11. During the hearing of this appeal on 15th July, 2013, the fate of the partition suit supra filed by the respondent/defendant was enquired. The counsel for the appellant/plaintiff informed that pursuant to the preliminary decree dated 4th March, 1994 for partition, inter se bids were invited and the respondent/defendant bought the share of the appellant/plaintiff in the property.

12. It was next enquired from the counsel for the appellant/plaintiff as to how the appellant/plaintiff could be entitled to mesne profits when the possession of the respondent/defendant of the property was protected under an interim order of the Court. The counsel for the appellant/plaintiff informs that the appellant/plaintiff had preferred an appeal against the order of interim injunction obtained by the respondent/defendant and it was in that appeal that the parties agreed to inter se bids and in pursuance whereto the respondent/defendant bought the share of the appellant/plaintiff; it is thus contended that there was no finality of the order of interim injunction. The counsel for the appellant/plaintiff was asked to produce and has produced copies of the orders dated 14th February, 2005 and 24th May, 2005 in FAO(OS) No.164/2002 arising from the interim order in the partition suit.

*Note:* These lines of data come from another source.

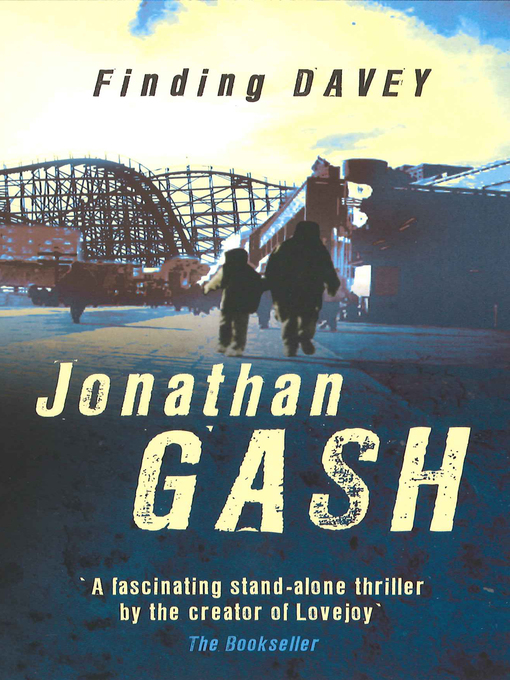 Title details for Finding Davey by Jonathan Gash - Available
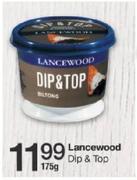 Lancewood Dip & Top-175g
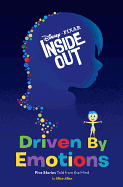 Item #346115 Inside Out Driven by Emotions. Elise Allen, Disney Book, Group
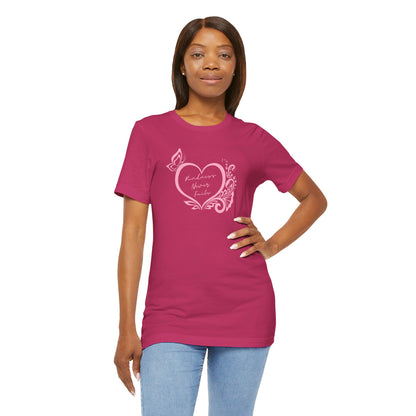 Kindness Never Fails Pink Heart Tee Short Sleeve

13. A perusal of the records shows, (a) that the application of the respondent/defendant for interim relief in the partition suit, on which the exparte injunction restraining the appellant/plaintiff from forcibly dispossessing the respondent/defendant from the premises was made on 2nd February, 1993, was finally disposed of vide order dated 11th January, 2002; (b) the said order records that the appellant/plaintiff (who was the defendant in the partition suit) had filed applications in the years 1993 and 1997 for vacation of the ex-parte order dated 2nd February, 1993; (c) that as per the dicta in P. Periasami Vs. P. Periathambi (1995) 6 SCC 523.the appellant / plaintiff and the respondent / defendant inherited the property of their father as tenants-in-common; (d) that though tenants-in-common have unity of possession but in the present case, it was the admitted position that it was the respondent/defendant alone who had been exclusively residing in the property for long and the appellant/plaintiff had been residing abroad; (e) that each tenant-in-common has a right/title/interest in every inch of the property and it is for this reason only that a tenant-in-common cannot claim damages for use and occupation of the joint property even though the other co-sharer is in exclusive use and occupation of the property; (f) that though restraining a co-sharers access and use of the property may seem unjust but so long as the shares are not divided and separated in a suit for partition, it would be incongruous to ask the joint sharer not to use a particular portion of the property or give up his right to use and enjoy that portion of the property as has already been held by the Division Bench of this Court in Ranbir Singh (supra); (g) that the respondent/defendant being admittedly in exclusive use and occupation of the property for long, his possession could not be disturbed. Accordingly, the ex-parte ad interim injunction dated 2nd February, 1993 was confirmed.

14. The appellant/plaintiff as aforesaid preferred FAO(OS) No.164/2002 against the aforesaid order dated 11th January, 2002.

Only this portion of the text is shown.